Se tailler une place sur le marché ultra-compétitif du livre de poche en polar est un défi de taille, surtout face aux mastodontes de l'édition, qui trustent « 95% du marché », selon Yannick Dehée, fondateur de la maison indépendante Nouveau Monde. Et pourtant. En l'espace de deux ans, l'éditeur est parvenu à imposer sa nouvelle collection de poche « Sang-froid », grâce à une stratégie bien rodée et une approche originale du polar.
Un pari risqué (mais bien calculé)
Pendant la période Covid-19, le constat était sans appel : « Les indépendants ne faisaient même pas 5% car si on enlève les éditions Gallmeister, on tombe à 1,8 ou 2 % », explique Yannick Dehée.
Plutôt que de tenter de rivaliser avec les grandes collections existantes, Nouveau Monde a décidé de se positionner différemment en 2023. « L'idée, c'était de ne surtout pas chercher à concurrencer les grands éditeurs. On se concentre sur ce qu'on appelle "le polar du réel" : des romans d'espionnage, des polars à clé, des ouvrages très documentés », détaille l’éditeur. Exit les tueurs en série et les thrillers domestiques, don, et place à des intrigues ancrées dans des faits réels et nourries par une documentation solide.
Identité graphique forte
Outre cette approche éditoriale, l'identité graphique de la collection joue un rôle majeur. « Les couvertures de Mathieu Persan sont très distinctives », affirme Yannick Dehée, qui a retenu les bons conseils d’Oliver Gallmeister. La collection« Sang-froid » est rapidement devenue identifiable en librairie, incitant les lecteurs à revenir découvrir d'autres titres.

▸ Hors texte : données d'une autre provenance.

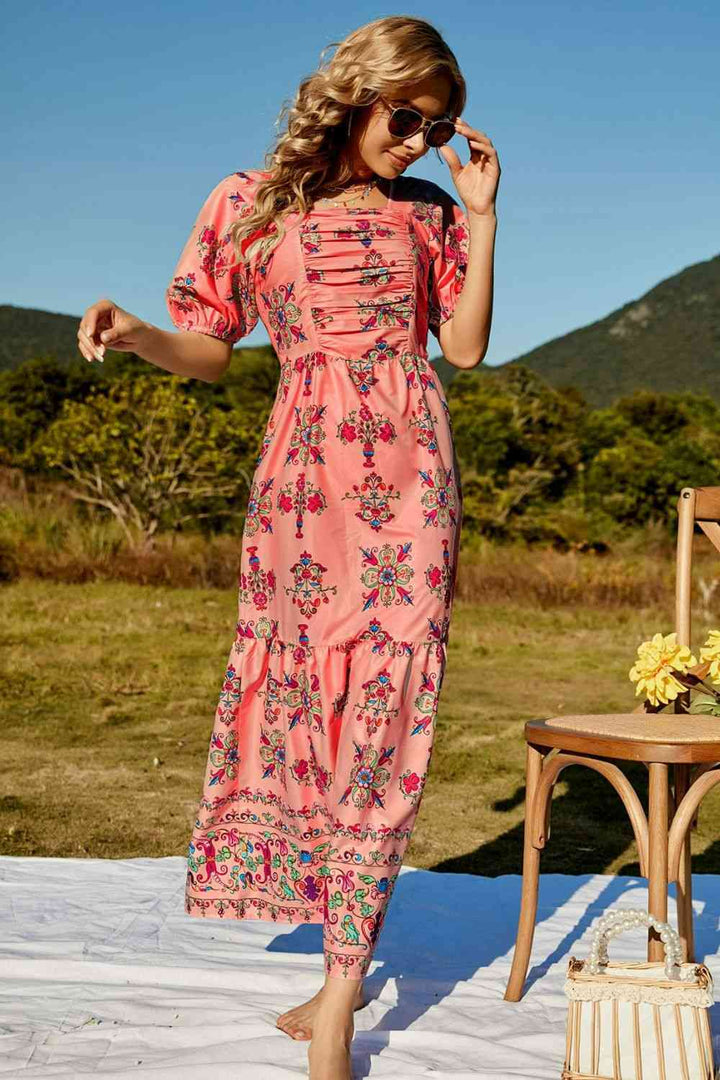 Floral Ruched Puff Sleeve Tiered Maxi Dress | 1mrk.com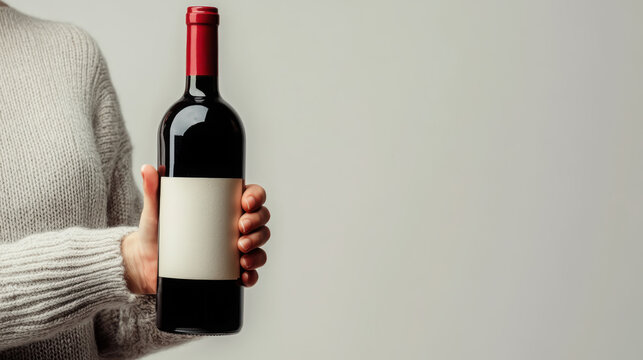 Elegant studio shot of model holding bottle of red wine for product presentation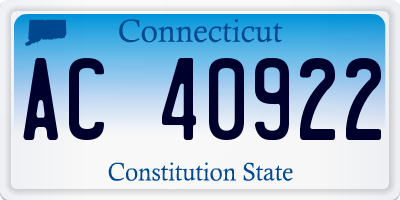 CT license plate AC40922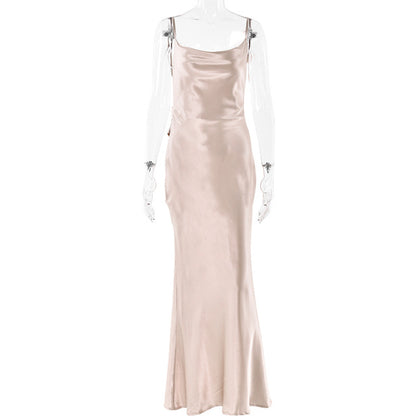 Sexy Backless 3dRose Tassel Maxi Long Dresses for Women Elegant Sleeveless Fashion High Waist Bodycon Dress Lady Chic Party Robe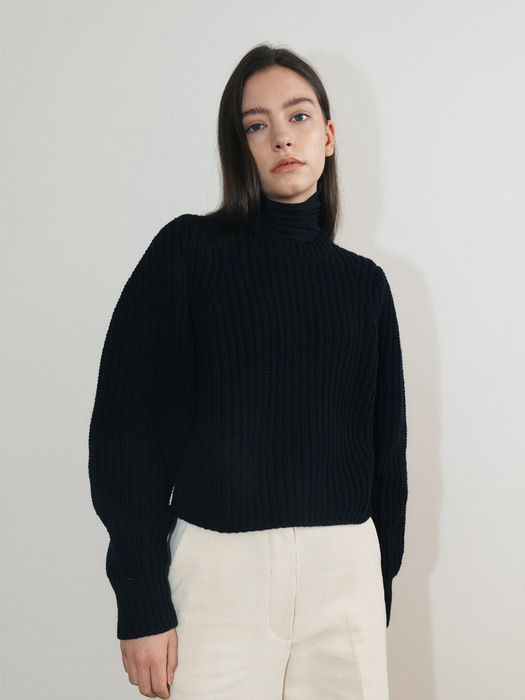 Crop sweater(navy)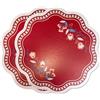 Vesta SET 2 SOTTOPIATTI ARMONIA IN CRISTALLO ACRILICO E ECOPELLE COLORE BORDEAUX
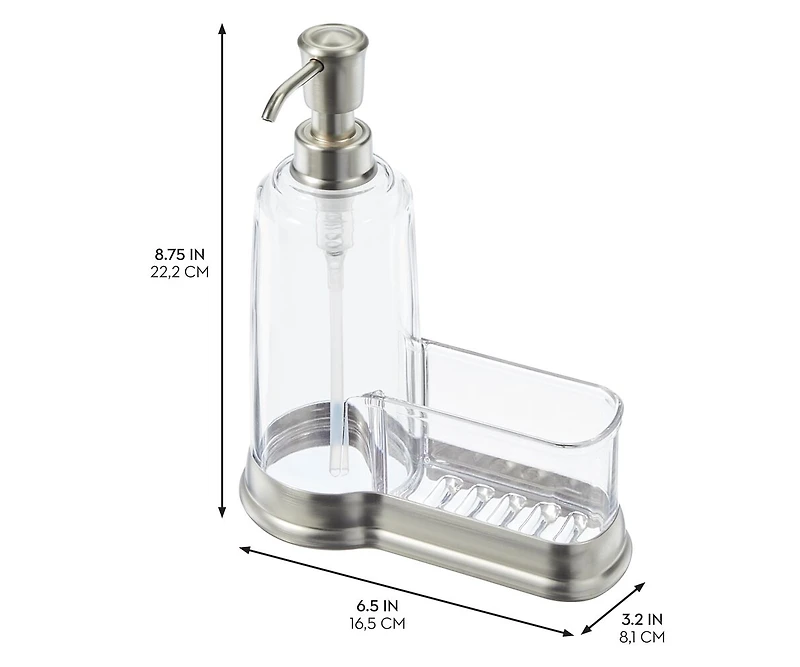iDesign Plastic Kitchen Sink Caddy with Soap Dispenser - Clear/Brushed
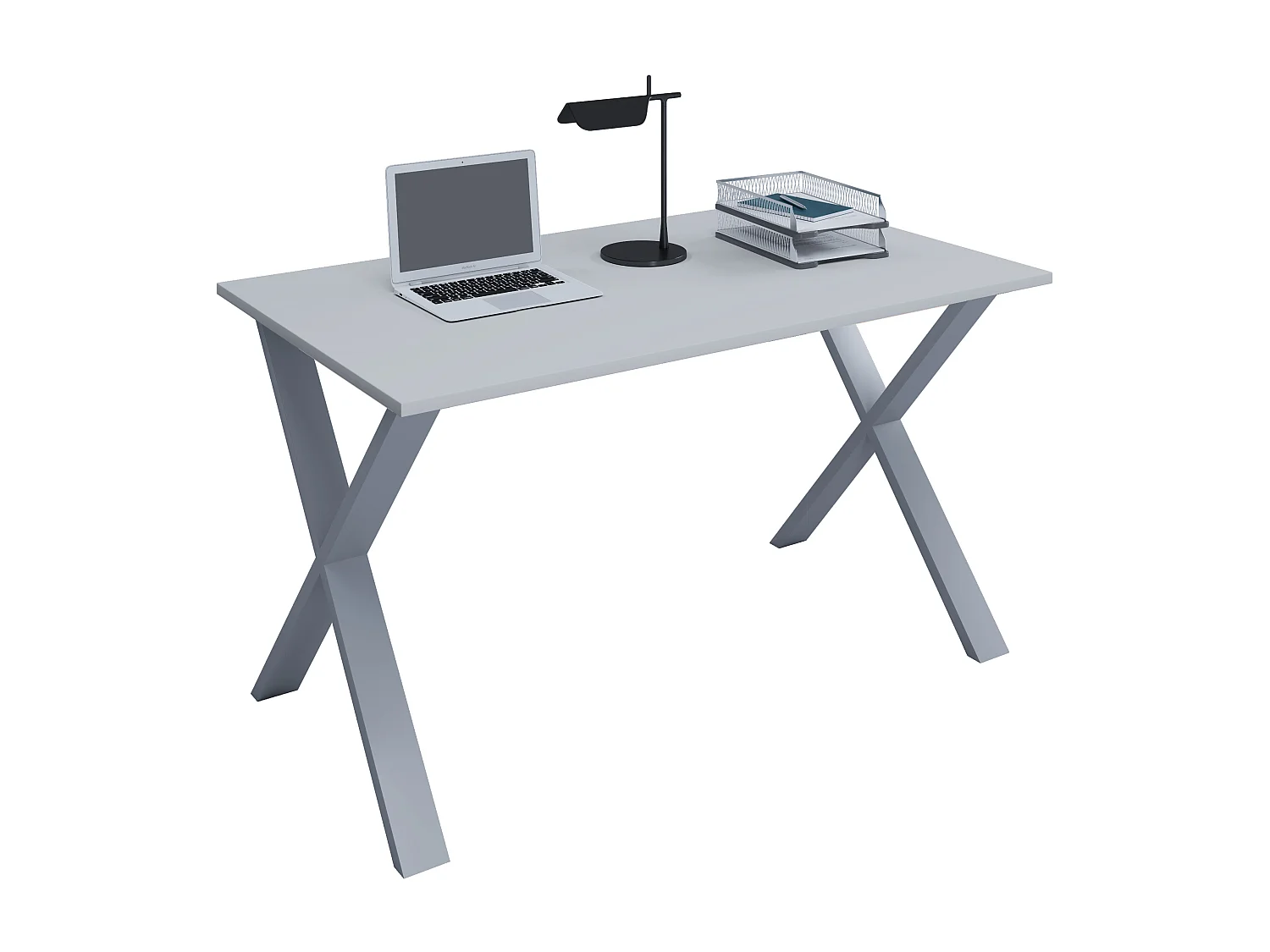 VCM Bureau en bois Table d'ordinateur Table de travail Meubles de bureau Lona X Argent (Gris|50|80)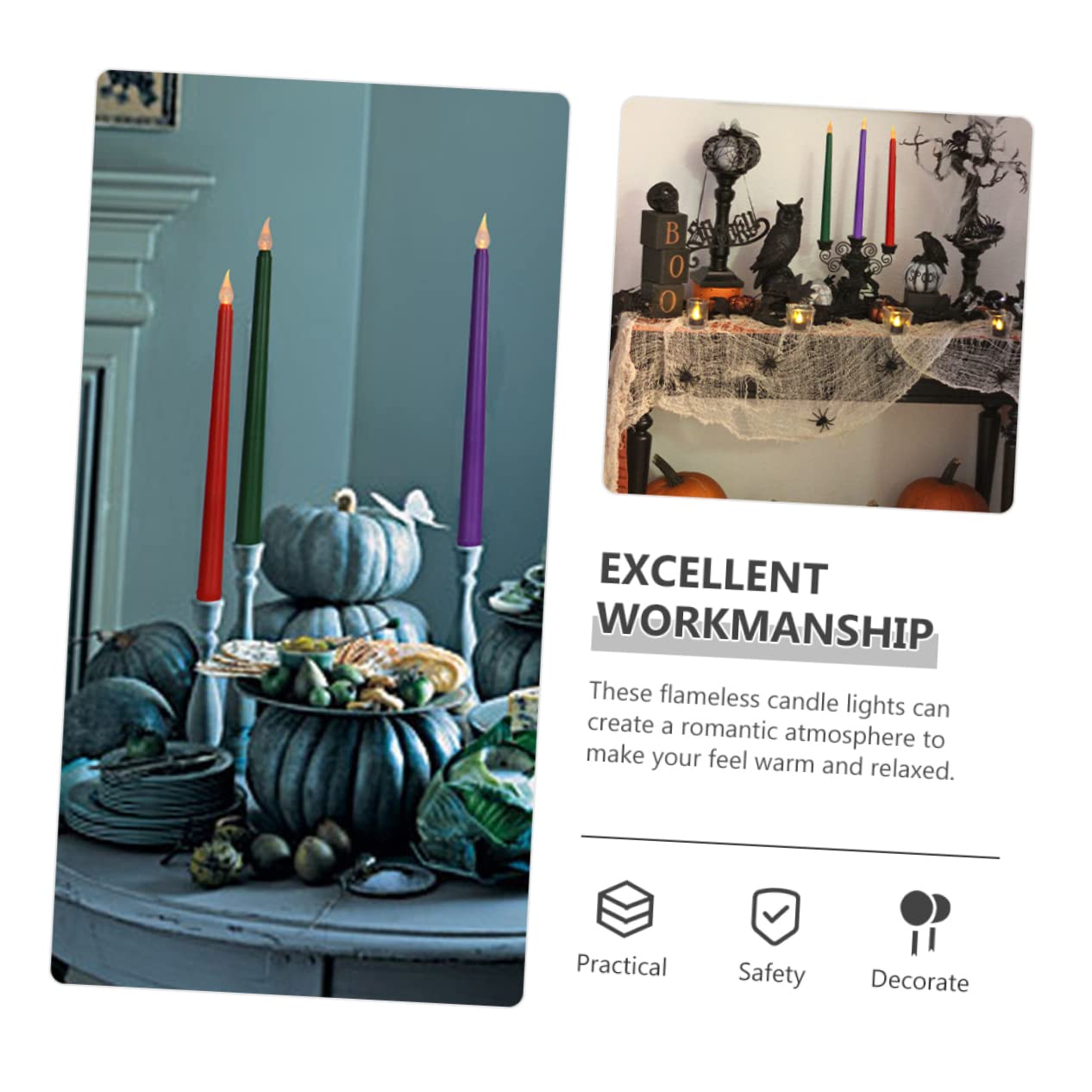12 Pezzi Candele Elettriche senza Fiamma Rosse Luci LED Batteria per Decorazioni Natalizie Feste e Matrimoni Design Candela Lunga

Un autre facteur clé du succès de Nouveau Monde est la régularité des parutions. « Si l'on veut imprimer sa marque chez les libraires, il faut arriver régulièrement avec des nouveautés », considère celui qui a monté sa maison il y a vingt-cinq ans. Nouveau Monde a donc adopté un rythme soutenu de douze titres par an, avec des doubles publications. Cette stratégie permet d'occuper l'espace et d'ancrer durablement la collection dans l'esprit des professionnels et des lecteurs.
Par ailleurs, en écoutant attentivement les retours du marché, Nouveau Monde a su ajuster son calendrier de publication. « On nous a fait remarquer qu'il y avait un creux en août dans les rayons polar, car les grands groupes concentrent leurs efforts sur la rentrée littéraire. On a donc avancé des parutions pour occuper ce terrain délaissé », souligne Yannick Dehée. Un choix qui s'est avéré pertinent, les enseignes accueillant favorablement ces sorties estivales.
Une stratégie combinant inédits et rééditions
Si au départ, la collection « Sang-froid » devait surtout se composer de rééditions, la maison a rapidement rééquilibré son offre. « Finalement, nous avons réussi à proposer une moitié d'inédits, ce qui nous permet d'attirer à la fois des lecteurs en quête de nouveautés et ceux qui veulent redécouvrir des titres cultes », explique Yannick Dehée, fier d’avoir dépassé les 6 000 ventes avec le premier volet d’Une enquête berlinoise de Volker Kustcher, Le poisson mouillé (2023, trad. Magali Girault), qui a inspiré la série télévisée Babylon Berlin.
Une opération commerciale en juin
Avec déjà une vingtaine de milliers d'exemplaires vendus, la collection « Sang-froid » est en train de s'affirmer dans le paysage, au moins dans l’activité de la maison. Avec l'autre collection de poche en Histoire lancée en parallèle, et une trentaine de titres, Nouveau Monde réalise 50% de son chiffre d'affaires.« Notre objectif est de placer chaque année plusieurs titres au-dessus des 5 000 ventes et de construire un vrai fond, car notre catalogue est encore jeune », indique Yannick Dehée. Pour 2025, Nouveau Monde a déjà programmé ses 12 nouvelles sorties dès mars jusqu'en septembre, et prévoit d'intensifier ses efforts promotionnels avec une opération commerciale en juin.